マジかよ。俺、めっちゃ金持ちになれるじゃん。
山で生活しているだけなのに、知らないうちにセレブ級の食材ばかり口にしていたとは、夢にも思わなかったよ。
「そんなにも高額なものだったのか。軍隊蜂が厚意でくれたものだから、ありがたく使わせてもらっていたよ」
「なんなのよ、それ……。トオルの場合は、まず素材を手に入れる方法がおかしいわね。普通は、軍隊蜂が廃棄した巣から蜂蜜を採取するのよ。だから、軍隊蜂が生息地を変える時にしか採取することができないわ」
「なるほど。軍隊蜂が引っ越しした際、持ちきれずに置いていった蜂蜜をいただくわけか」
「その方が危険が少ないからね。市場に出回る軍隊蜂の蜂蜜も、頻繁に生息地を変えなければならないような気候変動の激しい地域でのみ、採取されるの。稀に軍隊蜂の縄張りに潜り込む人もいるみたいだけど、帰ってきた人はいないらしいわ」
イリスさんも、軍隊蜂の数によっては一国の軍隊に匹敵すると言っていた。
そんな魔物の住み処に侵入したら、戦闘は避けられない。
軍隊蜂が繁殖していたら、確実に犠牲者が出るだけでなく、見つかったら逃げることは不可能だろう。
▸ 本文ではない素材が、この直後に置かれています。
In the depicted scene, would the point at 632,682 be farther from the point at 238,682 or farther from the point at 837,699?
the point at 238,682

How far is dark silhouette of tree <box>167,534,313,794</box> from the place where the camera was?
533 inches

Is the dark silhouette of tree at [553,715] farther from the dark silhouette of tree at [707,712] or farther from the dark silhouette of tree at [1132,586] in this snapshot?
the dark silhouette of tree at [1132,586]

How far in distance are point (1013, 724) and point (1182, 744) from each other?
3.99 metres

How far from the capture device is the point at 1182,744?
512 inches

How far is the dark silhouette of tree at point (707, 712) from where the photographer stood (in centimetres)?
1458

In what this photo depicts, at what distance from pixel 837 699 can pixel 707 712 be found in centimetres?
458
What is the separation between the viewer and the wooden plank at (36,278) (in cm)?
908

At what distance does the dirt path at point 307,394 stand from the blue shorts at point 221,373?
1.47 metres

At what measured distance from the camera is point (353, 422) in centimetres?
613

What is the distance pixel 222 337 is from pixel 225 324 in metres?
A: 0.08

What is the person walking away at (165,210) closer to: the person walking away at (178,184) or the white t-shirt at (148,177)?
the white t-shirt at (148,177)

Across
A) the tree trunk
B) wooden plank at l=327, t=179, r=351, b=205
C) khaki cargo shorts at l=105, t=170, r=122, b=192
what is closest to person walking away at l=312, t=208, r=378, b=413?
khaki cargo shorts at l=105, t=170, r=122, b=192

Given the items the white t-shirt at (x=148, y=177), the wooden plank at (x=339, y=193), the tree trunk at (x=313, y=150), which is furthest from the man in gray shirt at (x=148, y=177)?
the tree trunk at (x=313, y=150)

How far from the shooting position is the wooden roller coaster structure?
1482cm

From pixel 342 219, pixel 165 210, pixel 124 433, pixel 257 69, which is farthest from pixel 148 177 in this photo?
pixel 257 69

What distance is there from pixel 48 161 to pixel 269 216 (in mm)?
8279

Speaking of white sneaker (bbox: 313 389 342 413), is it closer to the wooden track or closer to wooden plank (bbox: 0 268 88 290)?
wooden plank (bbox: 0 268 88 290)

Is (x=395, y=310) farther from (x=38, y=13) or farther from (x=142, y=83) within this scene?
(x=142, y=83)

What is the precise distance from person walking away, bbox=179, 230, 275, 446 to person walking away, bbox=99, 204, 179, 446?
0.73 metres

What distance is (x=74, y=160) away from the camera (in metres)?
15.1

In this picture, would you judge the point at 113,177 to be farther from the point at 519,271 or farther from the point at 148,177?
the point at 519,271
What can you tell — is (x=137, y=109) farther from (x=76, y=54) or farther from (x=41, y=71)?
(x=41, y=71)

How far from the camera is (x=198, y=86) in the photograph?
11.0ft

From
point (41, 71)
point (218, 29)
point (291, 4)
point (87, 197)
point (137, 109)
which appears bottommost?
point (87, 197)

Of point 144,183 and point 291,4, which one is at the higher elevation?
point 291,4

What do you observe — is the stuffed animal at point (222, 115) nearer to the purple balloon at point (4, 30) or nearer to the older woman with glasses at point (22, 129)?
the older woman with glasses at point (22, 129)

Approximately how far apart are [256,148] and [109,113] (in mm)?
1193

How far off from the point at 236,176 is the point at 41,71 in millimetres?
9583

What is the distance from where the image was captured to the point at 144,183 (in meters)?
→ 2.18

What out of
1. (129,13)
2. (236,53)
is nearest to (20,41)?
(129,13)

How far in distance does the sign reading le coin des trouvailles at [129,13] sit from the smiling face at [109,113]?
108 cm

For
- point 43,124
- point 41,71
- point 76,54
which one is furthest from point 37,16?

「軍隊蜂の詳しい話を聞くと、スプーン一匙で金貨十枚は安い気がしてきたよ」
「でしょう? それを安全な形で手に入れられるなんて、すごいことだと思うわ。どんな方法で手に入れたとしても、素材の価値が変わることはないんだもの」
確かにアーリィの言う通りだ。
現役の冒険者から直接話を聞くと、説得力が違う。
「だから、私は軍隊蜂の蜂蜜を使ったジュースを治療薬として扱うべきだと思うの。実際に頭がスッキリとしてるし、体の不調も改善してる。手にもしっかりと力が入るようになって、順調に回復しているように思うわ」
手を閉じたり開いたりして、自分の感覚を確認するような仕草を見せるアーリィを見て、俺は疑問に抱いていたことを思い出した。
「一つだけ確認しておきたいんだが、ウルフと戦っていた時、手を震わせていたよな。あれは何が原因だったんだ? 貧血を起こすほど傷口は酷くなかったぞ」
「えっ?」
どうやら本人も貧血による症状だと思っていたみたいで、不思議そうな顔をしていた。
「……てっきり血を流しすぎたものだと思っていたけど、そう言われてみると違うみたいね。仮に貧血だったら、回復するまでにもっと時間がかかるはずだもの」
「やっぱりそうだよな。防具に付着していた血の多くは、ウルフの返り血によるものだと思ったんだ。だから、傷口を洗浄するような軽い処置に留めておいたぞ」
怪我人を治療するなんて初めての経験だっただけに、対処法を間違えていなくてよかったと、俺は安堵する。
一方、アーリィは布団をバッとめくって、治療した部位を確認して、すぐに頬を赤くしていた。
「ご、ごめんなさい。私、怪我が多いから、見苦しい足だったでしょ……」
冒険者として生きる限り、怪我は付きものだと思うが……。
女性としては、肌が傷つくことに悩んでいても不思議ではない。
そのため、アーリィが恥ずかしそうに足を隠したことで、一気に気まずい空気が流れてしまう。
「別にそうは思わないが……、こっちこそ配慮が足りなくて悪かった。治療の詳細を伝えられても、嬉しいことではないよな」
「ううん、治療してくれてありがとう。ただ、忘れてほしい、かな」
「わかった。努力するよ」
「うん……」
意図したことではなかったとしても、年頃の女の子に対して、もっと気遣うべきだったのかもしれない。
もしかしたら、これはセクハラ発言に該当するのかもしれない……と焦っていると、アーリィが何かを思い出すようにハッとした。
「そういえば、ウルフに襲われる前に、変な三人組の盗賊を倒したの。その時の戦いで付着した液体が毒だった可能性があるわ」
「変な盗賊……?」
「ええ。クレアと一緒に街道を歩いていたら、すれ違いざまにお酒を入れるボトルを振り回してきた人がいたのよ。すぐに不敵な笑みを浮かべて、その人たちに囲まれたから、盗賊だって気づいたんだけどね」
「……その話、俺が聞いても大丈夫なやつか?」
「構わないわ。勝ち誇っていた割には弱くて、変なことをされる前にやっつけたもの」
話を聞く限り、盗賊が使用した液体が毒だったと判断して間違いないだろう。
毒で体の自由を奪おうとした結果、思っていた以上に即効性がなく、返り討ちに遭ったんだ。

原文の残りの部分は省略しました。